The NSW Agriculture Minister has been urged to halt negotiations to extend North Coast Wood Supply Agreements, with critics saying native forest logging makes no environmental or economic sense post-bushfires and now floods.
In Budget Estimates this week, Agriculture Minister Dugald Saunders admitted he had not read a Natural Resources Commission report leaked last year which found native forests were at risk of "serious and irreversible harm … from the cumulative impacts of fire and harvesting".
He confirmed Forestry Corporation NSW, the state's main supplier of native timber, sent letters to North Coast logging companies late last year saying negotiations had commenced to extend their contracts for another 5 years.

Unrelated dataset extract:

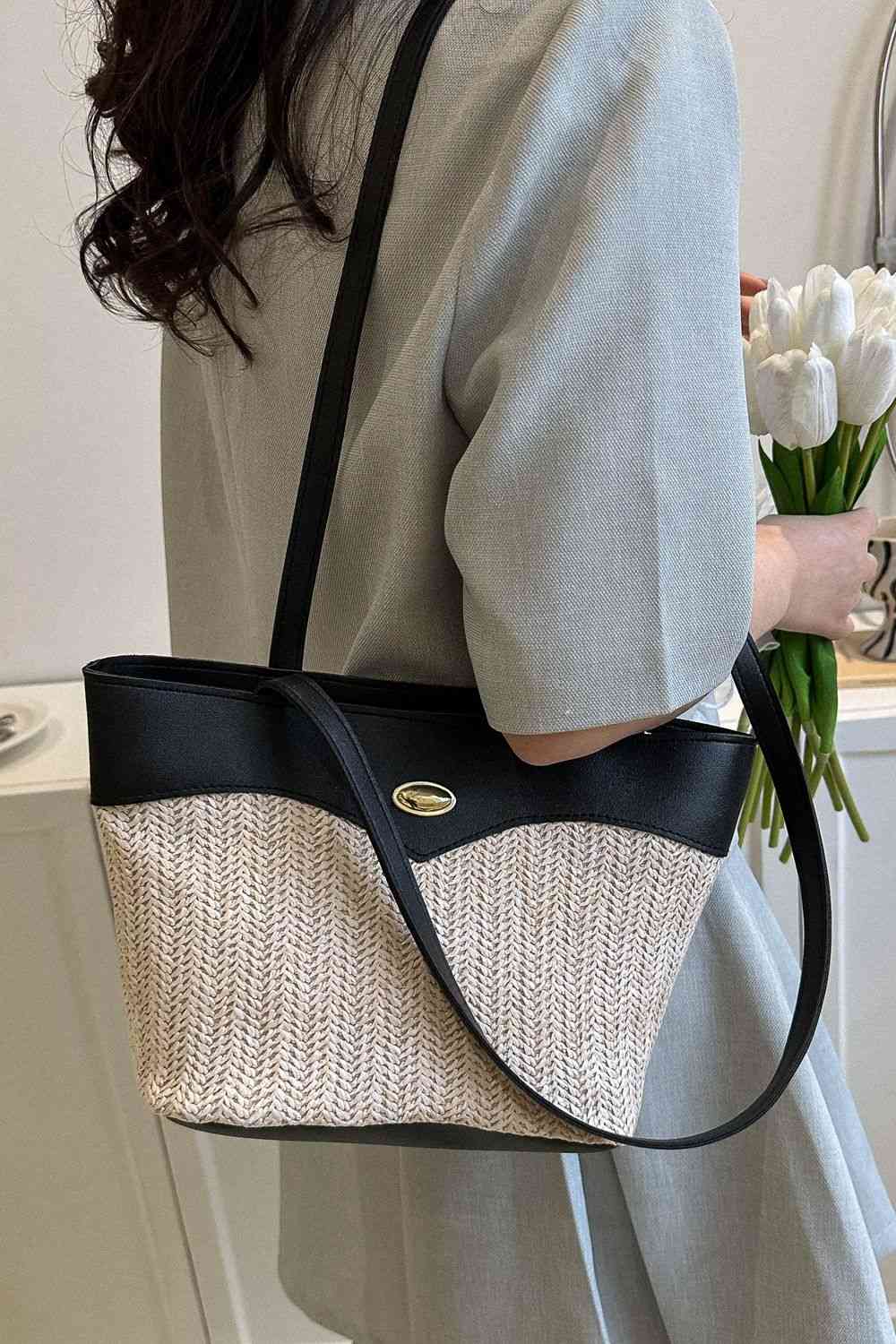 Sac fourre-tout en PU en paille bicolore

If extended, the contracts would lock Forestry Corporation into harvesting "existing annual quantities" of native trees in state forests.
Independent South Coast MP Justin Field grilled Mr Saunders on the feasibility of guaranteeing such volumes given the reduction in viable timber supply in state forests after the Black Summer bushfires.
Mr Saunders said Forestry Corporation manages wood supply over a 100-year sustainable yield model.
"State forests generate renewable timber products … in a way that is carefully managed so that forest values are preserved, and forests continue to grow and produce renewable timber in perpetuity", Mr Saunders said.
But Mr Field argued there was no reason or imperative to renew the contracts.
The NRC report, commissioned by government, determined the volume of high-quality wood supply on the north coast has been reduced by nearly 20 per cent.
The report recommended a three-year suspension of all logging from February 2020 in extreme risk zones and restricted logging in high-risk areas.
"Let's see a formal government response to [the NRC report] before [they] start signing the state up to wood supply contracts that [they] may never be able to deliver."
A spokesperson said the Forestry Corporation was working with North Coast customers to extend the contracts that expire in 2023 to provide the "short term certainty they need to continue investing in their businesses and creating jobs for local people".
Taxpayers exposed to millions in financial liability
There is concern the contracts are financially irresponsible given the government would have to pay compensation if it failed to fulfil them.
"Imagine signing the state up to tens if not hundreds of millions of dollars of contracts that you can't deliver," Mr Field said.
In 2014, the government paid Boral $8.5 million to buy back some of its timber allocations.
Nature Conservation Council chief executive Chris Gambian said the state needed to make sure they were not "unwittingly signing up to commitments it won't be able to meet".
According to Greens MP David Shoebridge, profits from Forestry Corporation's plantation business subsidise "loss-making native forestry operations" which saw a $20 million loss last year.
That figure only took into account the cost of logging and the bushfire recovery bill, and did not include the potential fallout from breached contracts or the missed opportunity to profit from carbon credits.
Forestry Corporation has also recently faced fines for illegal logging in attempts to meet contractual obligations.
Loggings contracts at odds with koala strategy
President of the North East Forest Alliance, Dailan Pugh, said the extension of logging contracts contradicted the government's verbal commitments to double koala populations by 2050.
"We regularly go out to the forests, we do surveys, we find areas where koalas survived the bushfires," Mr Pugh said.
"The NRC recommended there had to be increased retention [of the largest trees] yet the government refuses to implement that advice."